A lo que Druff solo puede preguntar: “¿Es eso verdad?”. Para él, un hombre “con la edad suficiente para ser de una generación que todavía se maravillaba con que los autos tuvieran radio”, todo ha comenzado a parecer plausible, convincente y poco convincente en el mismo grado. Esto es particularmente así respecto de la muerte de Su’ad. ¿Contrabandeaba alfombras o las importaba de forma legítima? ¿Y qué quería de Mikey? Era “muy devota… muy convencida del asunto como un terrorista”, y su hijo tenía planes de volver con ella al Líbano. “Iba a dejar que me tomaran de rehén”, le dice Mikey a su padre.

Pero finalmente, Druff se entera de que minutos antes de su muerte, Su’ad asistió a una conferencia de “un diputado de origen árabe del estado de Delaware, con cuyas visiones conciliatorias Su’ad estaba fuertemente en desacuerdo”. El diputado, refiriéndose a “nuestros primos israelíes”, remarcó la necesidad de que todas las partes trabajaran por encontrar soluciones en Medio Oriente.
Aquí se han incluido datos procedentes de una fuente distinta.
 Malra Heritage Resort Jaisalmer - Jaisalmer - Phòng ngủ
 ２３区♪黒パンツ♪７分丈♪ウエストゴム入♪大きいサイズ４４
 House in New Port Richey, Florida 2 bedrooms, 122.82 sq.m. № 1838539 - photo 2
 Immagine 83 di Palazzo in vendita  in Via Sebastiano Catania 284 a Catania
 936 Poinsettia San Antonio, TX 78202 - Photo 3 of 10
Enojada, Su’ad se puso de pie e hizo una acalorada referencia a la necesidad de soluciones definitivas; una hora después estaba muerta.

Aquí no hay ningún misterio resuelto, ninguna historia sagrada dispuesta como una mesa; no realmente. Elkin es brillante, pero a su brillante manera. Su visión no es, como han dicho los generales para hablar de la guerra del Golfo, “dependiente de la situación”. Es menos hueca, más nerviosa que eso. “La vida es principalmente aventura o principalmente psicología”, dice la voz del MacGuffin antes de despedirse de Druff. “Si tienes lo suficiente de una, entonces no necesitas mucho de la otra”.
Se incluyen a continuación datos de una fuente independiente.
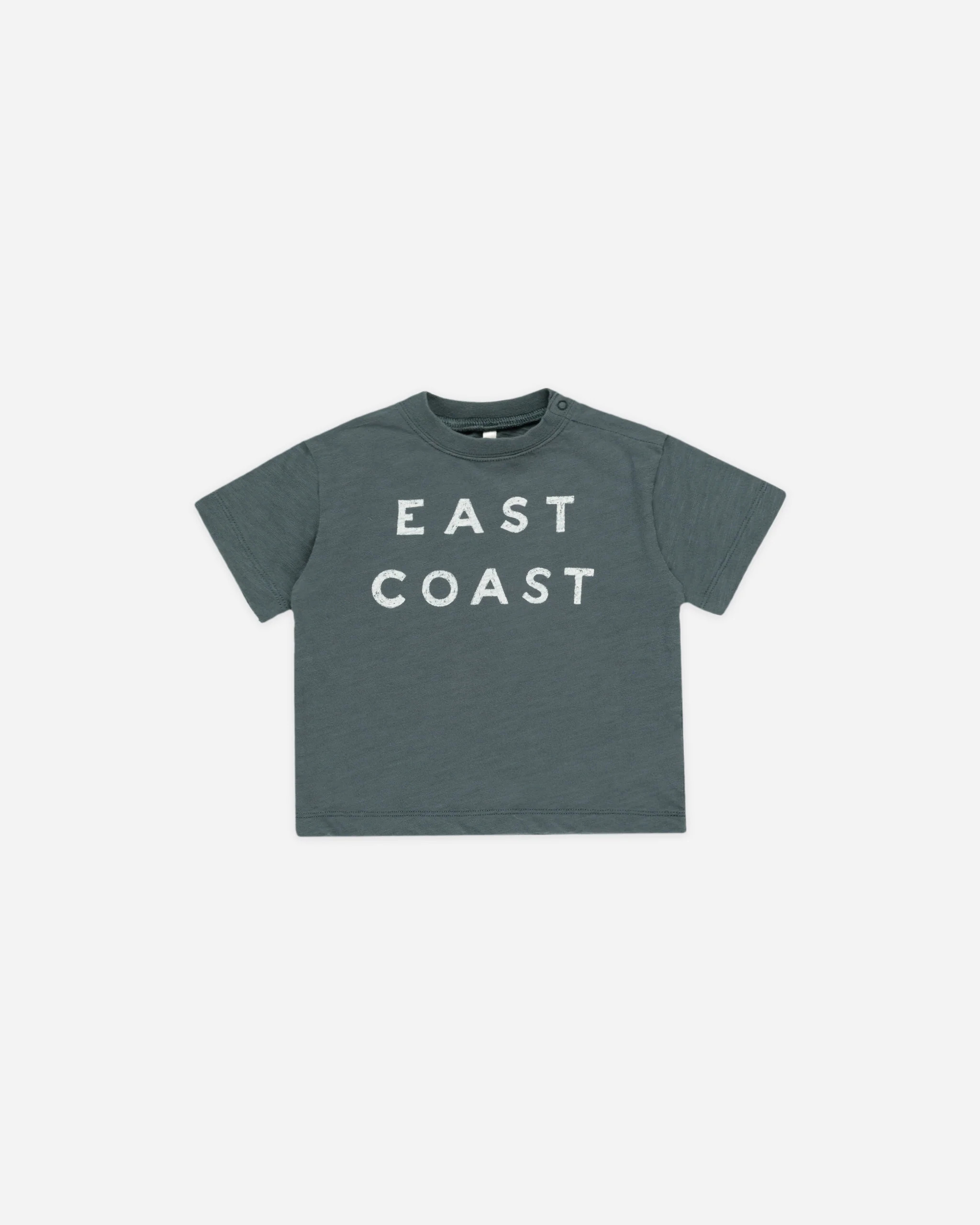 Relaxed Tee || East Coast | Rylee + Cru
The MacGuffin, entonces, no es solamente un retrato elkinesco de las tristezas del cuerpo y los peligros morales del trabajo. Es una declaración a favor del poder del habla, a favor del habla como su propia resolución; incluso el movimiento de la boca, veloz y maníaco, de Druff, puro símil y digresión, ese cotorreo, disc jockey del corazón. Incluso esa verborragia, parece decir la novela, o tal vez, especialmente esa verborragia, esa incoherencia, es una intimidad, una negociación… una plegaria contra la muerte, una suspensión de la guerra.